[Short descriptive text snippets]
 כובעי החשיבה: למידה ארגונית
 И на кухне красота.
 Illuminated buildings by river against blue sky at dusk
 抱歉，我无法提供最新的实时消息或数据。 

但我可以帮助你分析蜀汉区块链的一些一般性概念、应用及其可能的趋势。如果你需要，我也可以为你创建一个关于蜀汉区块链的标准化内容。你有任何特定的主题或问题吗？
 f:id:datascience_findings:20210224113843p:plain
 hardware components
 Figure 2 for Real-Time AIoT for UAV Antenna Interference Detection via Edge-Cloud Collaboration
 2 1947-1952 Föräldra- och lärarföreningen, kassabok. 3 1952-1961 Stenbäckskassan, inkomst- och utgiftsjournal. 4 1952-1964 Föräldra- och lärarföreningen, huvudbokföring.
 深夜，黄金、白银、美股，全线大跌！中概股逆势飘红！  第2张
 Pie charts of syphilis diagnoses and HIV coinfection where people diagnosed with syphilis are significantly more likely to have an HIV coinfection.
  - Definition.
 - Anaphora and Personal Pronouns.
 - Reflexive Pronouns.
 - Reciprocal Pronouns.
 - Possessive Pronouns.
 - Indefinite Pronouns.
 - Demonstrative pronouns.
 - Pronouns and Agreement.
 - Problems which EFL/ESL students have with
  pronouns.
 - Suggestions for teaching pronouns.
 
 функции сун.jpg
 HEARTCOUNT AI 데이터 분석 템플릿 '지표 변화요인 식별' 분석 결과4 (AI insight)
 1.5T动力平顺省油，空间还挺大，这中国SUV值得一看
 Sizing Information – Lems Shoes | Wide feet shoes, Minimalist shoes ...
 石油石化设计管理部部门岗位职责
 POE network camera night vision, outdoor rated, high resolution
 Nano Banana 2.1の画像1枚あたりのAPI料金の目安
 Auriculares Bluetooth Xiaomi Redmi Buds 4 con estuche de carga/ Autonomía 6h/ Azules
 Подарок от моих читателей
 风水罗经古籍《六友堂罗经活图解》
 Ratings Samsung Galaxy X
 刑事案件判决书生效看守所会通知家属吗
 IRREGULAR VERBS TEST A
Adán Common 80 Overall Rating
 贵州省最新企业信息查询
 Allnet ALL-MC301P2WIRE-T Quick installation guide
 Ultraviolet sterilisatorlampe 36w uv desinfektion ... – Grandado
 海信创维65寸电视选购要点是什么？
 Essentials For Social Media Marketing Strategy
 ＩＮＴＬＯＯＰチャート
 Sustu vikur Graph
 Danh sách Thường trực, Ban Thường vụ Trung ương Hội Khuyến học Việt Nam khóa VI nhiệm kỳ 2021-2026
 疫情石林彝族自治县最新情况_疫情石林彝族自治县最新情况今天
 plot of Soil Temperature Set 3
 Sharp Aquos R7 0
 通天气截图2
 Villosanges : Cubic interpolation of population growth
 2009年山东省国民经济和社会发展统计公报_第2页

DESCRIPTION OF THE TASK ::
Could you print exactly the lines from the one containing "Nano Banana 2.1の画像1枚あたりのAPI料金の目安" through the last line of the records above?

ANSWER ::
 Nano Banana 2.1の画像1枚あたりのAPI料金の目安
 Auriculares Bluetooth Xiaomi Redmi Buds 4 con estuche de carga/ Autonomía 6h/ Azules
 Подарок от моих читателей
 风水罗经古籍《六友堂罗经活图解》
 Ratings Samsung Galaxy X
 刑事案件判决书生效看守所会通知家属吗
 IRREGULAR VERBS TEST A
Adán Common 80 Overall Rating
 贵州省最新企业信息查询
 Allnet ALL-MC301P2WIRE-T Quick installation guide
 Ultraviolet sterilisatorlampe 36w uv desinfektion ... – Grandado
 海信创维65寸电视选购要点是什么？
 Essentials For Social Media Marketing Strategy
 ＩＮＴＬＯＯＰチャート
 Sustu vikur Graph
 Danh sách Thường trực, Ban Thường vụ Trung ương Hội Khuyến học Việt Nam khóa VI nhiệm kỳ 2021-2026
 疫情石林彝族自治县最新情况_疫情石林彝族自治县最新情况今天
 plot of Soil Temperature Set 3
 Sharp Aquos R7 0
 通天气截图2
 Villosanges : Cubic interpolation of population growth
 2009年山东省国民经济和社会发展统计公报_第2页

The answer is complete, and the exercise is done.